June 1, 2010 @ 5:35 pm

Mark, others: Yes, that post was really just a dig on that one issue. As D.O. points out, this is part of a series of posts (and radio spots on Skeptically Speaking) exploring this concept of "falsehoods" (a word I've cooped and rewritten the definition of!). This particular post is a "minifalsehood" because it only goes part way. I'm complaining about the brushing off of a basic question (how many words are there) because it's hard.
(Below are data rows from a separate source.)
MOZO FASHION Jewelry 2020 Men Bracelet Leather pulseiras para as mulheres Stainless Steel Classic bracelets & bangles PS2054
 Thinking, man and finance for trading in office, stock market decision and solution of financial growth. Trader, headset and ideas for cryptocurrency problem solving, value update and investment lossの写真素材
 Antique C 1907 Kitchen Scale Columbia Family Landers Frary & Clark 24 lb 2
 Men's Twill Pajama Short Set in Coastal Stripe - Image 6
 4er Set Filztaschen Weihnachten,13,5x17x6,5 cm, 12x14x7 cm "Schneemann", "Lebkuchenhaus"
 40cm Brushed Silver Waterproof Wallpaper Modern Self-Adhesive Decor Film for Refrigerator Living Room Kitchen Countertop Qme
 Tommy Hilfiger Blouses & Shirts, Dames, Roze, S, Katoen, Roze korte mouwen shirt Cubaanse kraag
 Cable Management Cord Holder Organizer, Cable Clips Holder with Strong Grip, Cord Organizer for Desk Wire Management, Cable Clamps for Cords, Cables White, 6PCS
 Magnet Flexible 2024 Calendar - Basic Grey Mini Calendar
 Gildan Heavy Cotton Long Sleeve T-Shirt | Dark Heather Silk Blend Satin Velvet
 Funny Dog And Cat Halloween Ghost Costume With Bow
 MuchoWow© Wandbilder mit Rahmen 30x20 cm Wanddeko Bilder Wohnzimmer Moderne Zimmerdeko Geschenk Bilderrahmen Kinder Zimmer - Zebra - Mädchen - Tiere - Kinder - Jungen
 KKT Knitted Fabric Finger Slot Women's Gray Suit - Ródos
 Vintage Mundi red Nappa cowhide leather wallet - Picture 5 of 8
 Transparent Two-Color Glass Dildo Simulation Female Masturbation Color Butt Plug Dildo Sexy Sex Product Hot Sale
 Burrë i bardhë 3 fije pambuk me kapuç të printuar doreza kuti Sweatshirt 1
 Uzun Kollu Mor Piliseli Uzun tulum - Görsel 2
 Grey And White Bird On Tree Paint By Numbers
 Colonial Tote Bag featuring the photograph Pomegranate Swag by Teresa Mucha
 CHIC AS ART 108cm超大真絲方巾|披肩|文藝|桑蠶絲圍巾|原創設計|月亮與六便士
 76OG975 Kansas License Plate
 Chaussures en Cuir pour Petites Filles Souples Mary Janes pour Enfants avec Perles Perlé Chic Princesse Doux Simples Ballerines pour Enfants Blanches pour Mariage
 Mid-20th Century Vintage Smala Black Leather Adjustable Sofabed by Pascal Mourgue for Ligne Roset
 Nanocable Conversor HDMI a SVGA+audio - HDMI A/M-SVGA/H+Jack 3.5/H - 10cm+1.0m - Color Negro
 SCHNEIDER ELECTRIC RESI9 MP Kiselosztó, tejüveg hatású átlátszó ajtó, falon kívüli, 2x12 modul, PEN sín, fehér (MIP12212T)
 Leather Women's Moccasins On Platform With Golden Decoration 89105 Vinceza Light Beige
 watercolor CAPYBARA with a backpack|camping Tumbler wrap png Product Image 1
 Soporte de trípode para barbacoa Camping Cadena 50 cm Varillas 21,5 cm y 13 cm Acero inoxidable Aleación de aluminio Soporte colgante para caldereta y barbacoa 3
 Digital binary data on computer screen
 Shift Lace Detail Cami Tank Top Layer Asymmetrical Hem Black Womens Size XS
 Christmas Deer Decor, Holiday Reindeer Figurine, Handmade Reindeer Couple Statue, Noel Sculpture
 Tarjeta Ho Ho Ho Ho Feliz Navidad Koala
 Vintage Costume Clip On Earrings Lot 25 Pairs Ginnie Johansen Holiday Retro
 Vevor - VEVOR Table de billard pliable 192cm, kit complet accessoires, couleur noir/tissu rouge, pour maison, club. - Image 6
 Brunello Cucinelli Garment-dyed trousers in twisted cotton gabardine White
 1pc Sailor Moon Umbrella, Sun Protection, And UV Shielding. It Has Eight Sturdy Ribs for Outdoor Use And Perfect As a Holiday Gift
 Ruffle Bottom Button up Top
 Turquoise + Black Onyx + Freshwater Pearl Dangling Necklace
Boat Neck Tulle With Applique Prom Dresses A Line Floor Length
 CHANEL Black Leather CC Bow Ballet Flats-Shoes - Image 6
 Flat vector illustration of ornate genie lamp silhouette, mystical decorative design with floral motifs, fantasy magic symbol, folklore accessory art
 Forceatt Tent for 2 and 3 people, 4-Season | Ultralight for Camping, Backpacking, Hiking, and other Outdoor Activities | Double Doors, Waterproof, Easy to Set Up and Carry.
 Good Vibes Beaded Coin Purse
When I've taught advanced archaeology seminars, I've had this experience: The grad students, after reading some taphonomy papers, turn on the field. They begin to insist that we can never infer anything reliably from the archaeological record because there are always questions that leave us uncertain. So I've tried this: Here's an archaeological situation. Provide the most likely (simple) interpretation (like, do the bones represent an intentional burial or not, etc.). If everyone in the same room comes up with the same answer, the beer is on me.

No matter how much hemming and hawing has gone on to that point, I always end up buying the damn beer.

Pragmatics tends to rule, or at least do, until we get where we need to be. These are subtle concepts, and they are concepts that often set us up with short term comforts that lead us later into some abyss of misunderstanding. Or, more likely, the teacher and the student come to an understanding that is a bit of a white lie, and then later as the student goes off on her or his own, the white lie grows into an ugly misunderstanding.

Or, in other cases, this happens: There is a complex multifaced "truth," but only parts of truth are ever mentioned or noted, for political reasons. A large poor unemployed African American woman is seen on TV for some reason and it is noted that she has six children. The culture of the observers shifts … it is now understood and verified that "poor people have more babies than middle class people" Two weeks later, it is revealed that the one time richest man in the country (I shall not mention his name) has two different families instead of the usual one. Suddenly, he has 8 children instead of three. The culture of the observers fails to shift with the understanding that maybe the rich have more babies than the middle class.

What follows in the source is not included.